# taking ohs name



## princessellie

is anyone not taking their OHs name, im not sure what to do yet, i HATE my inlaws with a passion, theyve really gone out of their way to make me feel shit and i dont really want to be associated with them, name wise or otherwise, pauls upset cos he says its HIS name im taking , not the ILs, but he doesnt see that there really is no difference between the two :dohh:

i also really like my surname as my dad gave me it when he adopted me and i feel kind of cheeky getting rid of it to have their name

maybe im just being stupid, i dont know, atm he is refusing to take my name and im refusing to take his but i want us all to have the same name, as a family, i just wish it didnt have to be their name :nope:


----------



## twiggy56

I have the same situation with the 'not getting on with the in-laws' thing...so makes me not want to take his name...
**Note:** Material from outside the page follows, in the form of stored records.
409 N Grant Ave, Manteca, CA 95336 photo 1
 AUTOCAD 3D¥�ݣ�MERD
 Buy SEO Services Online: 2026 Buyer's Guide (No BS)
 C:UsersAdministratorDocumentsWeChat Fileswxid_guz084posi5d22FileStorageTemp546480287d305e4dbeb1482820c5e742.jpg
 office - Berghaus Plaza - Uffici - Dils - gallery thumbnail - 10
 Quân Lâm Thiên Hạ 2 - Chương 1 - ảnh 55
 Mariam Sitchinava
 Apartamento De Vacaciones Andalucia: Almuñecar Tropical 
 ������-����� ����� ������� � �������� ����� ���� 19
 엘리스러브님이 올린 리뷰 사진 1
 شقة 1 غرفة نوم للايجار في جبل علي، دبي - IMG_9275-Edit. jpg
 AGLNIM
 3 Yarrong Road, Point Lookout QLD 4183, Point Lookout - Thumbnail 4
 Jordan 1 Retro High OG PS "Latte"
but as you say, OH has said he would be quite offended...:shrug:

Plus his last name is Italian and its constantly getting mis-pronounced so I know im in for a lifetime for spelling and pronunciation mistakes!!! :growlmad: :haha:


----------



## honeybee2

why dont you double barrel it? So you have the best of both worlds?


----------



## marley2580

I'm not taking OHs name. I hate his name and can't see myself with it. Plus it's MY name, why the hell should I give up my name? I asked him if he would take my name and he said no, I just said 'well then, point proved'.


----------



## Tiff

I'm traditional. :blush: So I'll be taking his last name. I think everyone has to do what they are comfortable with. Could you put a hyphen between your last name and his as a compromise perhaps? :hugs:


----------



## HollieQ

I don't want to take dh's name either! But I think I will feel like I have to...


----------



## NuKe

i feel the same. I'm a Crozier, not a Hutchinson!! I really wish i had thought about this when poppy was born though, she's hutchinson and i shud have double-barrelled her name. oh doesnt even want to entertain the idea of him taking mine. :grr:


----------



## princessellie

thats what pauls like, the babies both have my name so id be changing all three of ours, would be much easier for him just to take mine but he wont x


----------



## Mrs Liamxxs

im not taking my OH's name he is taking mine instead xx


----------



## honeybee2

I cant wait to be mrs fletcher!!! xx


----------



## deafgal01

That wasn't an issue with my DH. He was cool with me keeping my last name and adding his on to the end of it with - in between our last names.


----------



## lillypiesmummy

we are double barreling as a compromise, cos i cant stand his dad and it annoyed me that i would have the same last name as him lol


----------



## Kirsti

Ahh i cant wait to be Mrs Crossan! my dad took my mums name tho! xx


----------



## Tasha

I gave Morgan his dad's surname, then took it when we got married. I regret it soooo much, I hate his parents, they are just nasty and well urgh, we have not seen them in 3 years. So I want me and the children to have my parents surname but because I cant change Honey's I would feel like I am losing a connection to her. So I might double barrel all our names. 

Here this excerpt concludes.